▶ _Material for this task_
»»
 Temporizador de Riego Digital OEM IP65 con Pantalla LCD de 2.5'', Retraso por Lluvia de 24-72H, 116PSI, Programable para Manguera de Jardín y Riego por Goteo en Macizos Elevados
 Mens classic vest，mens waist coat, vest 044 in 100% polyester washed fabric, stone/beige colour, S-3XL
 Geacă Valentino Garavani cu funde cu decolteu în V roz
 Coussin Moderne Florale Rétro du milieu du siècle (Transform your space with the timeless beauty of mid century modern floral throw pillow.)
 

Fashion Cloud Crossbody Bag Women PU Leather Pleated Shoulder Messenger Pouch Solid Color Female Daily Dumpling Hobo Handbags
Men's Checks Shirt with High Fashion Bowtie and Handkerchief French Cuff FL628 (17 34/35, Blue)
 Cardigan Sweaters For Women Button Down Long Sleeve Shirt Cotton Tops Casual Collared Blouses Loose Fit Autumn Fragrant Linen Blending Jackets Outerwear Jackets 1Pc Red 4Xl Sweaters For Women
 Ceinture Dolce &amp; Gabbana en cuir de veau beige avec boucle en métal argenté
««
»»
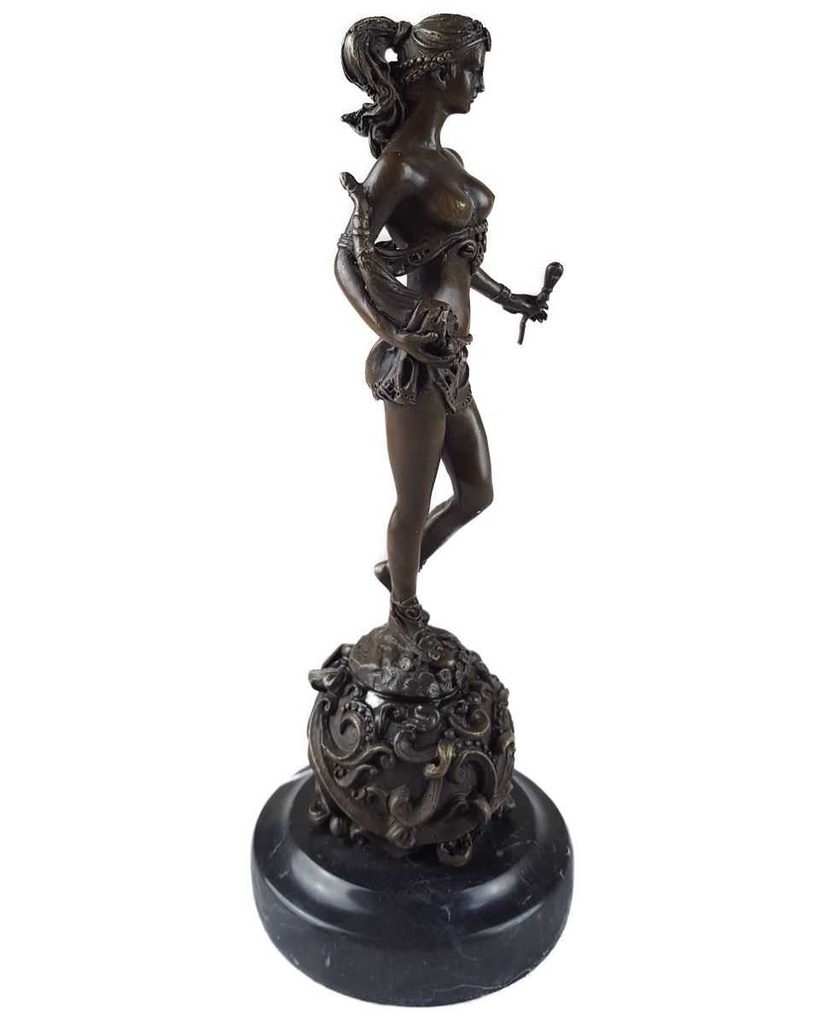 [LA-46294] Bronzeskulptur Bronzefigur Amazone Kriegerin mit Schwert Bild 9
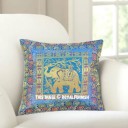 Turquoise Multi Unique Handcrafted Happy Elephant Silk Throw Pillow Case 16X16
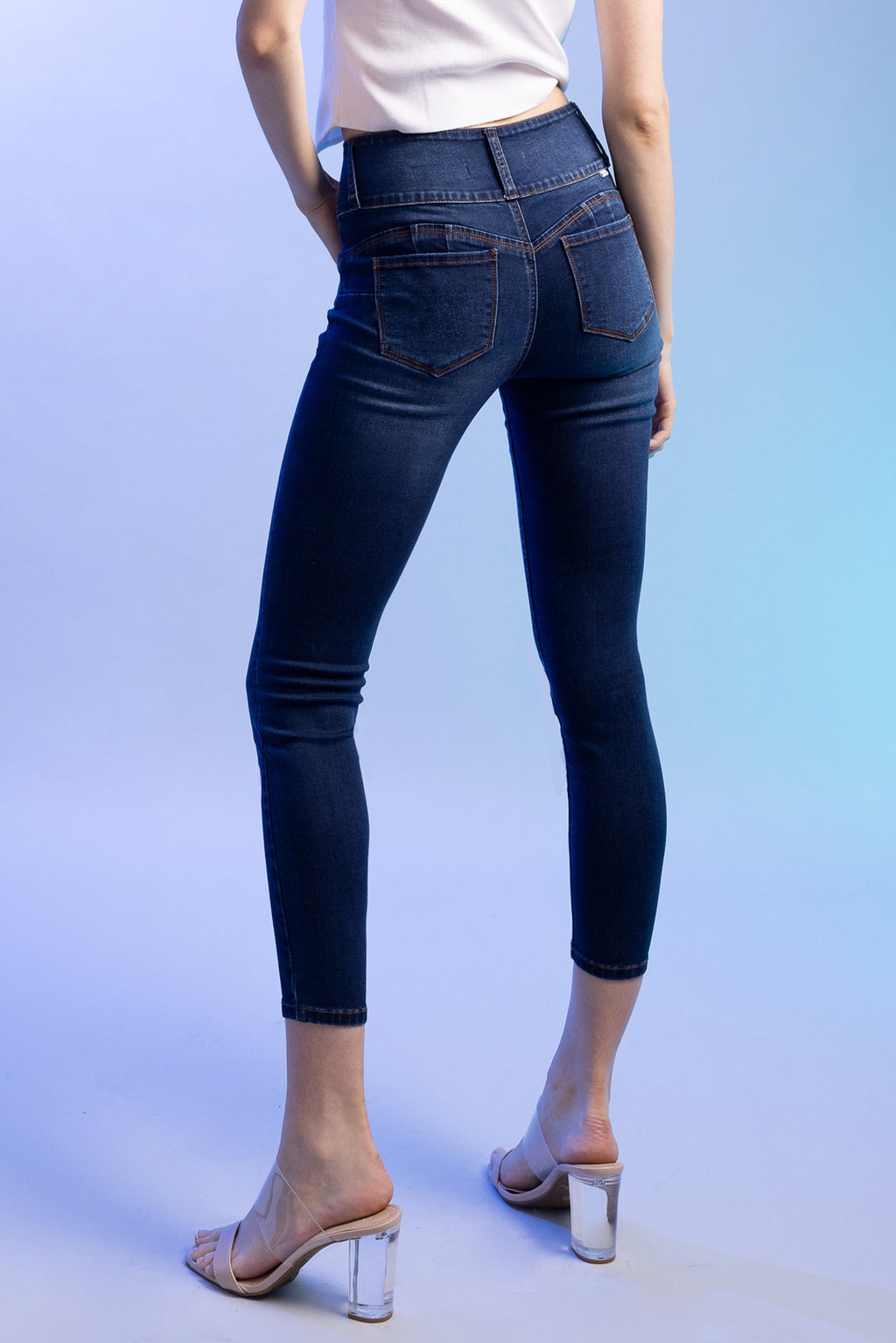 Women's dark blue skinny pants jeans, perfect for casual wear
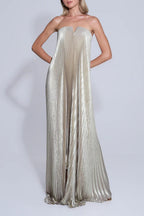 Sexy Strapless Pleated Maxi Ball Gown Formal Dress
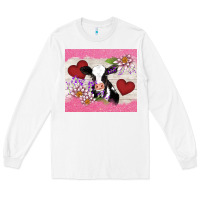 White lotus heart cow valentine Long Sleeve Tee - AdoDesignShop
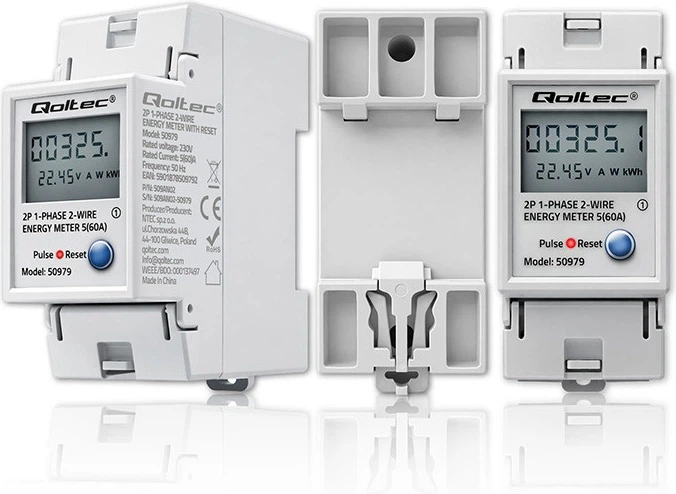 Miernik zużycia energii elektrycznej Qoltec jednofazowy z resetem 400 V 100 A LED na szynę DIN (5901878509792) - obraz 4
««
»»
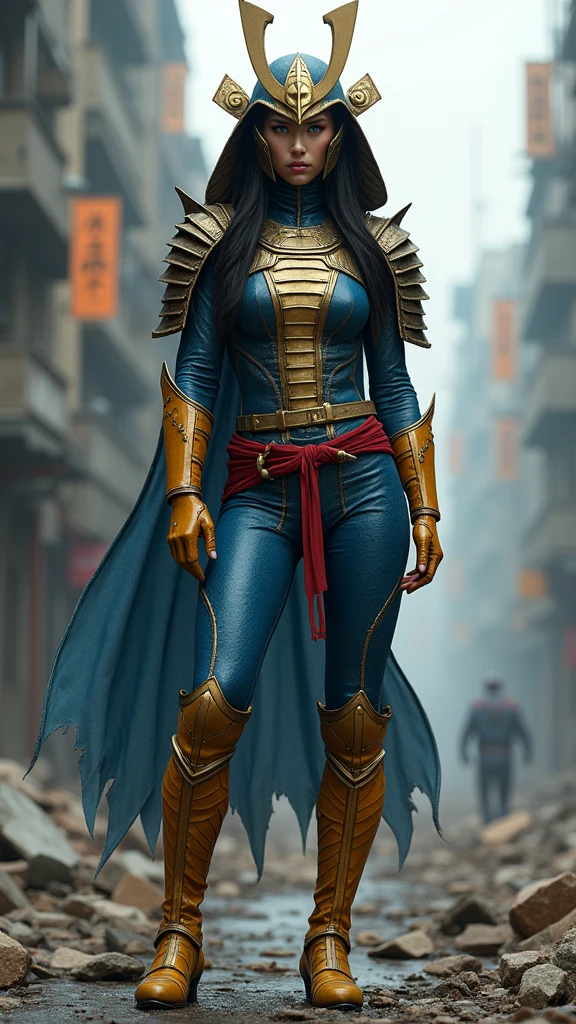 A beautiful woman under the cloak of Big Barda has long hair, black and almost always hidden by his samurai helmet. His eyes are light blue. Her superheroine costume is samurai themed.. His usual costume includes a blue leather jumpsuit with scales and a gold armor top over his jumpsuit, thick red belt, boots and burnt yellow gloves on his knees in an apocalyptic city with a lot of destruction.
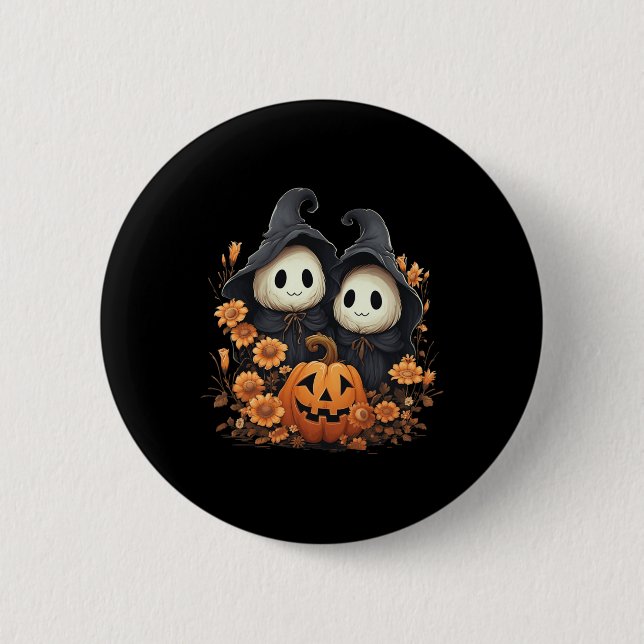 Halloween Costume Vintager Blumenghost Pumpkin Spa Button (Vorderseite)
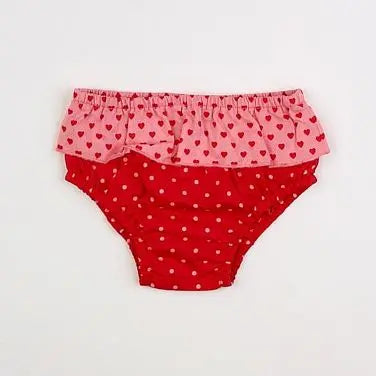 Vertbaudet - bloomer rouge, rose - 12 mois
««
Go through the material above and output exactly the lines from the one containing "Temporizador de Riego" through the one containing "Ceinture Dolce &amp;".

 Temporizador de Riego Digital OEM IP65 con Pantalla LCD de 2.5'', Retraso por Lluvia de 24-72H, 116PSI, Programable para Manguera de Jardín y Riego por Goteo en Macizos Elevados
 Mens classic vest，mens waist coat, vest 044 in 100% polyester washed fabric, stone/beige colour, S-3XL
 Geacă Valentino Garavani cu funde cu decolteu în V roz
 Coussin Moderne Florale Rétro du milieu du siècle (Transform your space with the timeless beauty of mid century modern floral throw pillow.)
 

Fashion Cloud Crossbody Bag Women PU Leather Pleated Shoulder Messenger Pouch Solid Color Female Daily Dumpling Hobo Handbags
Men's Checks Shirt with High Fashion Bowtie and Handkerchief French Cuff FL628 (17 34/35, Blue)
 Cardigan Sweaters For Women Button Down Long Sleeve Shirt Cotton Tops Casual Collared Blouses Loose Fit Autumn Fragrant Linen Blending Jackets Outerwear Jackets 1Pc Red 4Xl Sweaters For Women
 Ceinture Dolce &amp; Gabbana en cuir de veau beige avec boucle en métal argenté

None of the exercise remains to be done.